Sang Saibatin, atau Raja yang bijaksana bernama Ratu Dipuncak, memimpin rakyatnya dengan penuh keprihatinan. Ia dikenal sebagai pemimpin yang sangat memegang teguh ajaran piil pesenggiri (harga diri), nemui nyimah (ramah tamah), nengah nyappur (proaktif bersosialisasi), dan bejuluk beadek (beradat beristiadat).

Dalam kitab Kuntara Raja Niti, salah satu naskah adat Lampung kuno, tertulis pesan moral bagi seorang pemimpin: “Jama sai batin nengah gheppok, ngaku jama beghasuk, ngindungi jama bebulungan.” (Orang yang berhati luhur haruslah berada di tengah-tengah kesulitan, mengakui yang berhak, dan melindungi yang lemah). Ratu Dipuncak mewujudkan pesan ini. Ia tidak tinggal diam di istananya, tetapi turun langsung melihat penderitaan rakyatnya dan terus-menerus bermusyawarah dengan para tetua adat untuk mencari solusi.

Setelah berhari-hari berdoa dan bermeditasi, Ratu Dipuncak mendapatkan wangsit melalui sebuah mimpi.
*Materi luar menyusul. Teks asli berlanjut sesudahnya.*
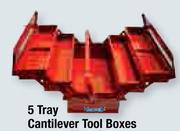 5 Tray Cantilever Tool Boxes 425mm TTOOLB/005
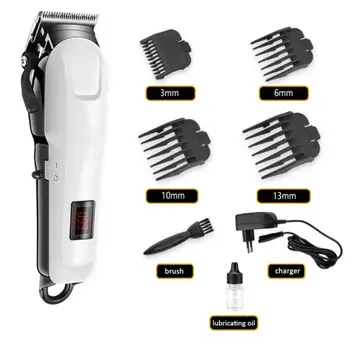 

Kemei KM-809A Professional Rechargeable Electric Haircut Machine LCD Display Hair Clipper Makeup Beauty Cosmetics Tool TSLM1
Dalam mimpinya, seorang sesepuh berjubah putih berkata bahwa air masih melimpah di suatu tempat, tetapi untuk mendapatkannya, ia harus mengutus seseorang yang berhati bersih dan pemberani untuk menjemputnya.
Esok harinya, Ratu Dipuncak memanggil putra semata wayangnya, Pemuka Alam, seorang pemuda yang dikenal akan kecerdasan, kesalehan, dan keberanaannya. Sang Raja berkata, “Wahai putraku, tugas besar ini kuberikan kepadamu. Carilah sumber air yang dapat menyelamatkan negeri kita. Ikutilah petunjuk langit dan bumi.”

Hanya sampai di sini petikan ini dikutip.